Montgomery Street 730 ist inzwischen zu einer «Passage obligé» geworden für Personen, Jungunternehmen und Hochschulen aus der Schweiz, die in der Bay Area Fuss fassen möchten. Swissnex organisiert Studienreisen, berät, vermittelt und organisiert jährlich rund 70 öffentliche Events zu den unterschiedlichsten Themen: von einer Diskussion zu Internationalem humanitärem Recht über neuste Erkenntnisse aus der Schlafforschung bis hin zu einer Ausstellung über Licht ist alles möglich. Gemäss dem Motto – connecting the dots – gehört es zum Eventkonzept, Gäste aus der Schweiz mit Leuten aus der Bay Area zusammenbringen.

Kein Ersatz für reale Begegnungen

ETH-Professor Konstantinos Boulouchos diskutierte hier bei swissnex San Francisco schon mit einem Kollegen von Stanford über Energiestrategien; erst kürzlich sprachen ein Disney-Vertreter und ETH-Informatikprofessor Markus Gross über Computeranimation für die Unterhaltungsindustrie. Wir sind die «Ermöglicher» (facilitators), umschreibt Christian Simm, sein Selbstverständnis. Es ist das eines Gastgebers, der den sicheren Hafen zur Verfügung stellt für Begegnungen, die sonst nicht stattfinden würden. Eine Rolle, die ihm, dem Vielsprachigen, der beide Welten kennt, sichtlich behagt. Was swissnex tut, lässt sich schliesslich als eine neue Art der Diplomatie der Guten Dienste lesen.

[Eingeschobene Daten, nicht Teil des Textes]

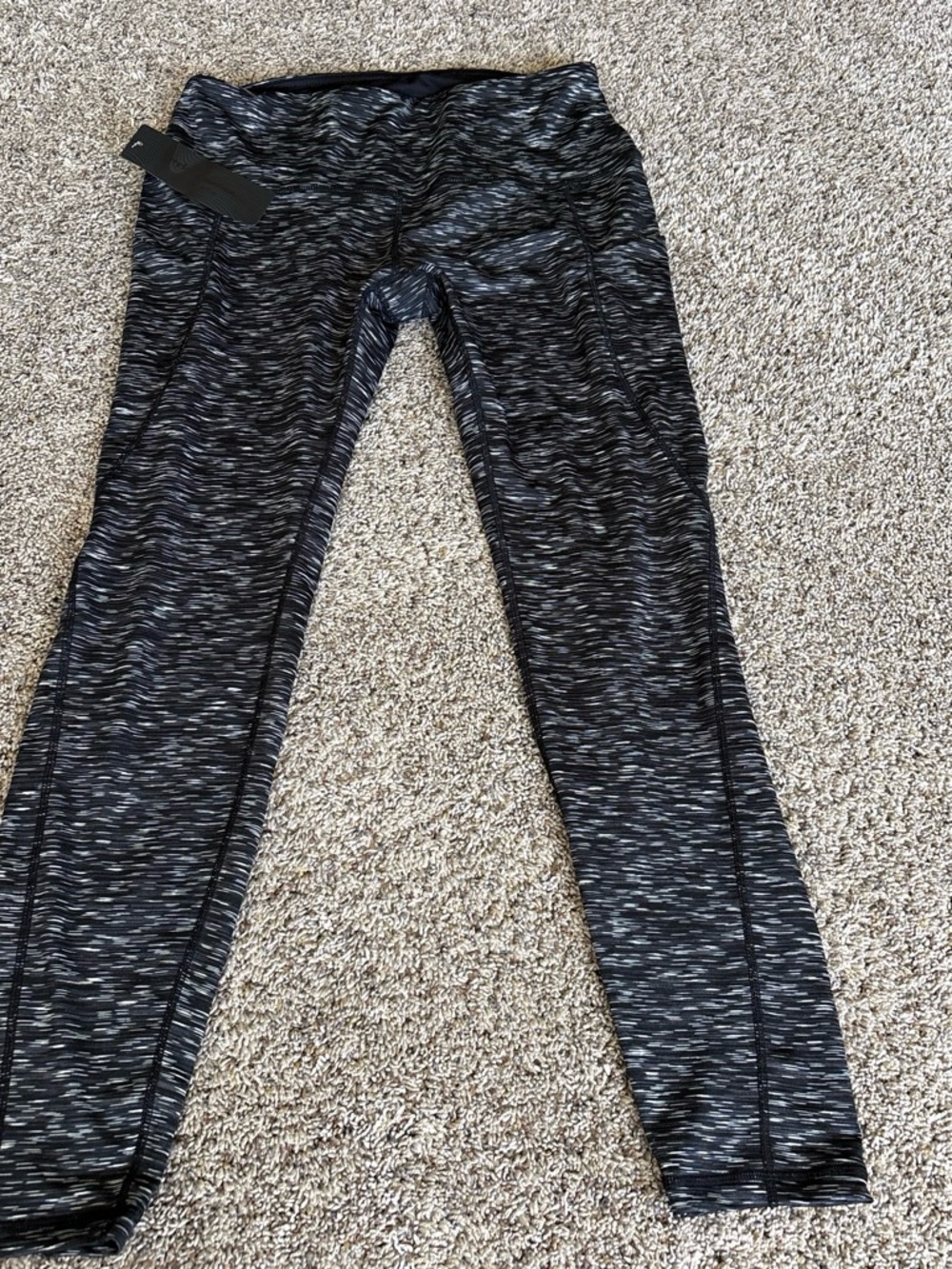 Women's Black Space-Dye Leggings - Everyday Stretch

Es mag paradox tönen, so Simm, aber gerade mit den Möglichkeiten der virtuellen Welten, die heute zunehmend unsere Kommunikation prägen, sind reale Begegnungen noch wichtiger geworden. Wenn ich hunderte von Kontakten habe, bleiben doch diejenigen am einprägsamsten, die ich persönlich kenne. Und es sind diese persönlichen Kontakte, die den kleinen Unterschied ausmachen können, ob am Ende ein Geschäft zustande kommt oder ob sich jemand aus der Schweiz hier in der Bay Area erfolgreich etabliert.

Zum Autor

Roman Klingler studierte Politische Wissenschaften an der Universität Lausanne und arbeitete während mehr als zwölf Jahren als Journalist (Print und TV), bevor er zur Hochschulkommunikation der ETH Zürich stiess. Seit 2006 leitet er das Team Media Relations. Zurzeit verbringt er sein Sabbatical bei swissnex in San Francisco. swissnex ist ein Netzwerk von Aussenstellen, die in Asien und in den USA den Austausch in Wissenschaft, Bildung und Kunst fördern. Das Netzwerk operiert im Auftrag des Staatssekretariats für Bildung und Forschung und hat Vertretungen in Bangalore, Boston, San Francisco, Singapur und Shanghai.